日々の栞

本や映画について気ままに書く。理系の元書店員。村上春樹や純文学の考察や感想を書いていく

ゲシュタルト崩壊は「文字の精霊」の仕業?/ 『文字禍』 中島 敦

小学生の頃、漢字をひたすら書き写すという宿題を経験した人は多いはずだ。宿題をやっている時、こんな経験はなかっただろうか?ずっと同じ感じを描いていると、漢字の線の一つ一つが分解して、意味をなさない図形のように見えてしまう。このような現象には名前がついていて、ゲシュタルト崩壊と呼ばれている。なんか名前がかっこいい。厨二心をくすぐってしまう。

ゲシュタルト崩壊とは、全体性を持った構造から全体性が失われてしまい、個々の構成要素にバラバラに分解して認識されてしまう現象のことだ。漢字をずっと見つめていれば、この現象を体験できるだろう。

 

このゲシュタルト崩壊を題材にした小説がある。しかも、ゲシュタルト崩壊が起きる理由を「文字の精霊」に求めた小説だ。

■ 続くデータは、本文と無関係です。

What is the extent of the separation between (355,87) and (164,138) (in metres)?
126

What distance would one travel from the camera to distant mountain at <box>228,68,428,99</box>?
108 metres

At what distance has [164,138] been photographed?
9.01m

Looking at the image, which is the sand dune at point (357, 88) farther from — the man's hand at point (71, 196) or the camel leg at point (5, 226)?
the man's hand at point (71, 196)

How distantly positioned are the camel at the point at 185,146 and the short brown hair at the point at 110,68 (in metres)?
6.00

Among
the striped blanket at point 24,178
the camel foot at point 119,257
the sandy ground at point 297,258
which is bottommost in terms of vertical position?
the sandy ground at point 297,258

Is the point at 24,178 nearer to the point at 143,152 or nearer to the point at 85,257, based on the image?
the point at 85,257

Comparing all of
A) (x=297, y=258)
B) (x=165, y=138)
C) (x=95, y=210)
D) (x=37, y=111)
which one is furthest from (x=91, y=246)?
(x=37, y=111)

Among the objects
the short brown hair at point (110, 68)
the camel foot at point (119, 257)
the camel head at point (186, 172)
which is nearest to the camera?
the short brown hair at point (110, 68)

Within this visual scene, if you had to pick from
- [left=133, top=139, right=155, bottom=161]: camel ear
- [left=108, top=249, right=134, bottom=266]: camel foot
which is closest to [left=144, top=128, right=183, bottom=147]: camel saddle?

その小説とは、中島敦の「文字禍」である。タイトルに文字の禍とあるように、文字がもたらす災いや文字について考察された小説だ。中島敦といえば『山月記』が有名だが、『文字禍』も十分に面白い。以下に、詳細と内容の考察を書いていく。

 

 

ゲシュタルト崩壊は「文字の精霊」の仕業?

「文字禍」の主人公は、ナブ・アヘ・エリバ博士だ。博士は大王から、文字の精霊について調査するように依頼される。博士は調査のために本を読んだりしていたが、ある日ゲシュタルト崩壊を経験することになる。博士が一つの文字と終日にらめっこをしていた時に、ゲシュタルト崩壊が起こった。

 

一つの文字を長く見詰めている中に、いつしかその文字が解体して、意味の無い一つ一つの線の交錯としか見えなくなって来る。単なる線の集りが、なぜ、そういう音とそういう意味とを有つことが出来るのか、どうしても解らなくなって来る。老儒ナブ・アヘ・エリバは、生れて初めてこの不思議な事実を発見して、驚いた。

 

博士はゲシュタルト崩壊の原因が「文字の精霊」にあるのではないかと仮説を立てた。一つ一つの線の塊に意味が宿るのは、線をまとめている存在(文字の精霊)のためであるという考えだ。人間で例えると、手や内臓、足が魂(心)で制御されていないものは、人間という全体性を持たないということだ。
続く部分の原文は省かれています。